Records from a dataset
Segment Open
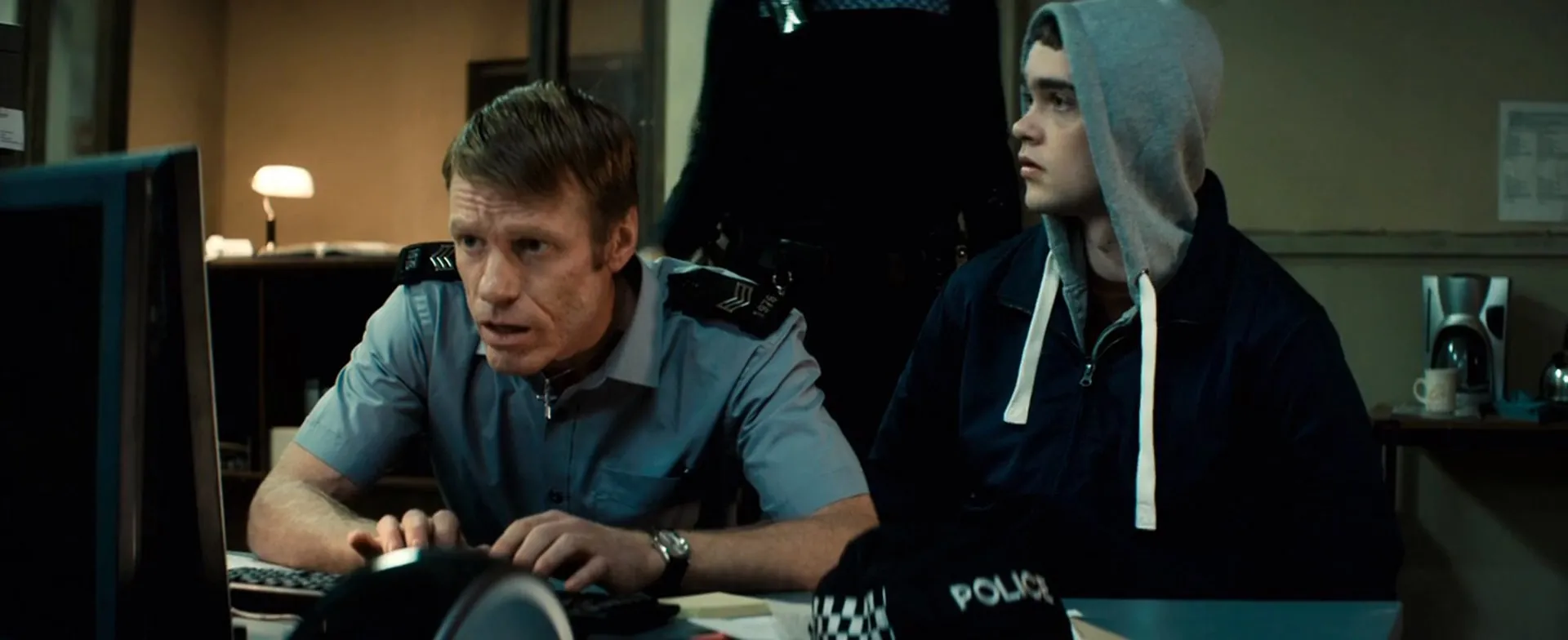 Let Us Prey (2014) Hindi Dual Audio HDRip 720p – 480p Screenshot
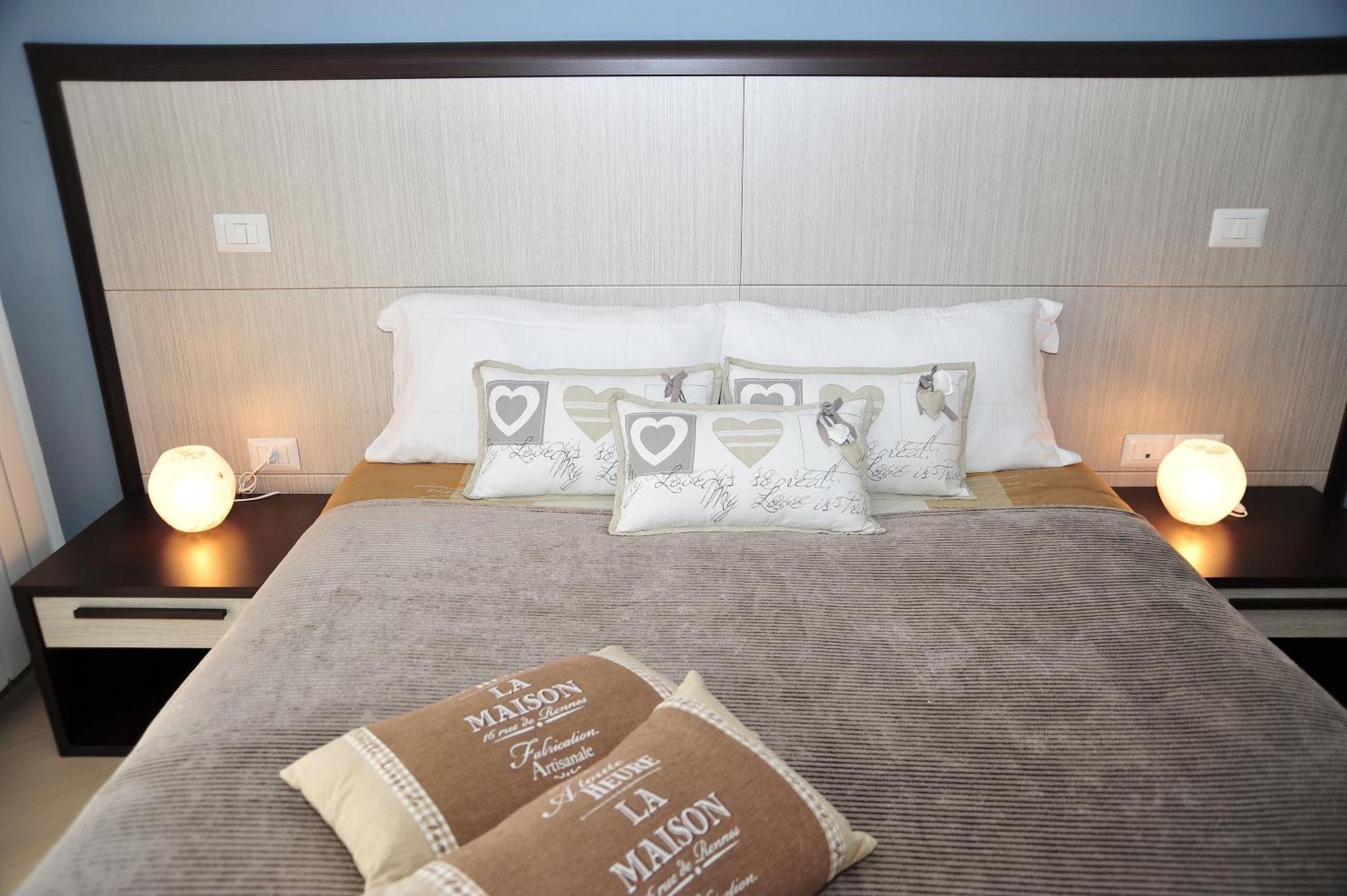 Relais Black Horse Millesimo المظهر الخارجي الصورة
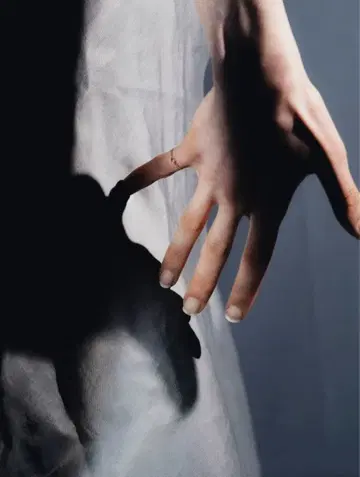 les bonbon float chain ring yellow gold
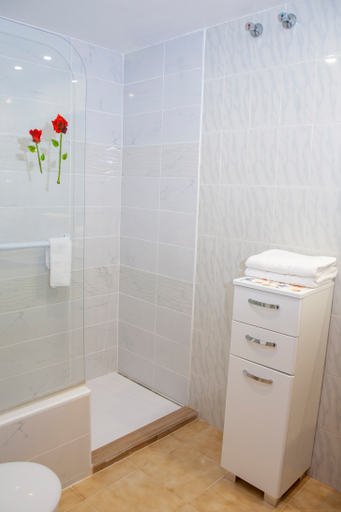 Bathroom 4, Atalaya Bosque Apartments, Baleares
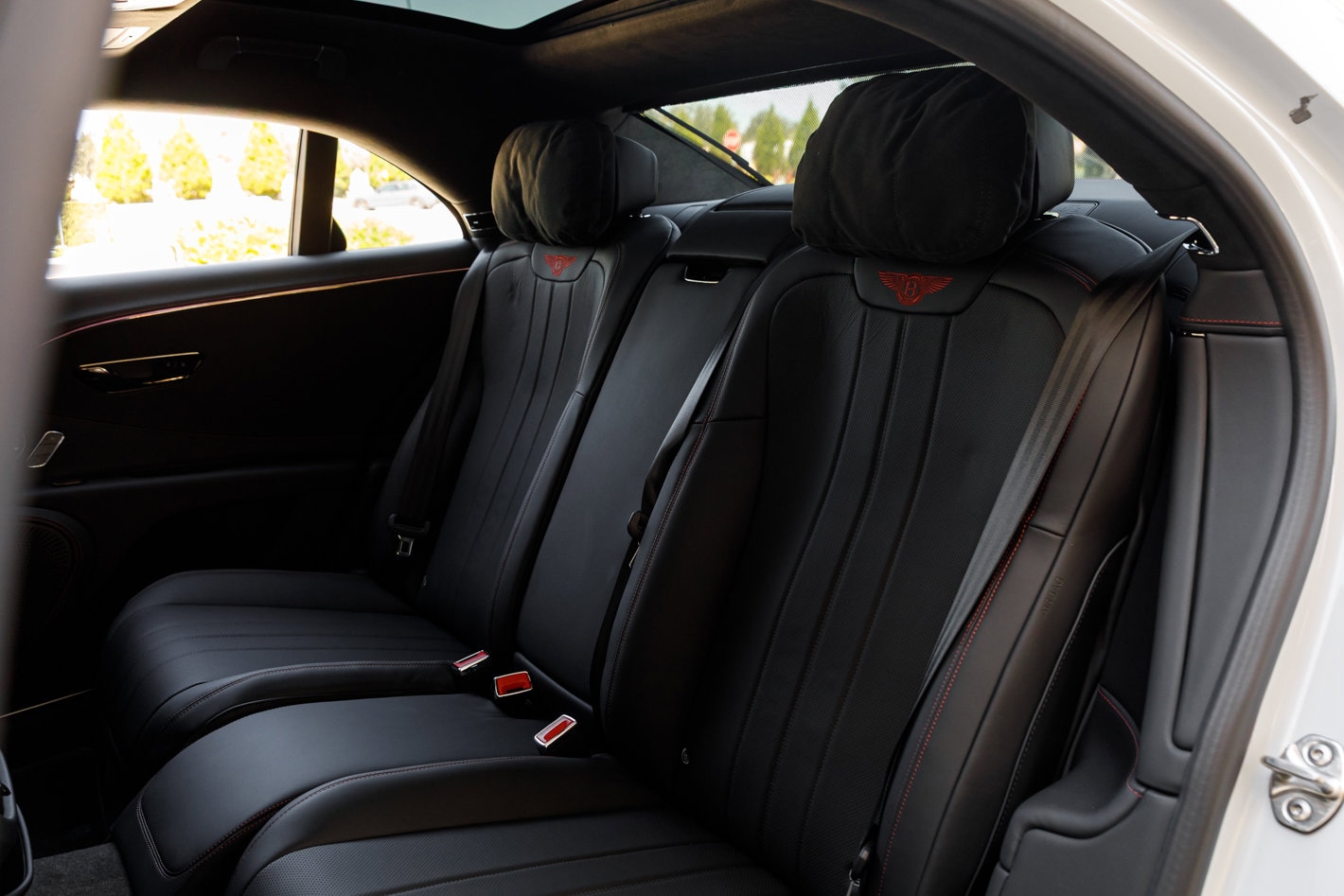 2026 Bentley Flying Spur - Photo 19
Segment Closed
* _Task description_: An exact retyping of the entries, without images, is the required answer.

* _Completed exercise_:
 Let Us Prey (2014) Hindi Dual Audio HDRip 720p – 480p Screenshot
 Relais Black Horse Millesimo المظهر الخارجي الصورة
 les bonbon float chain ring yellow gold
 Bathroom 4, Atalaya Bosque Apartments, Baleares
 2026 Bentley Flying Spur - Photo 19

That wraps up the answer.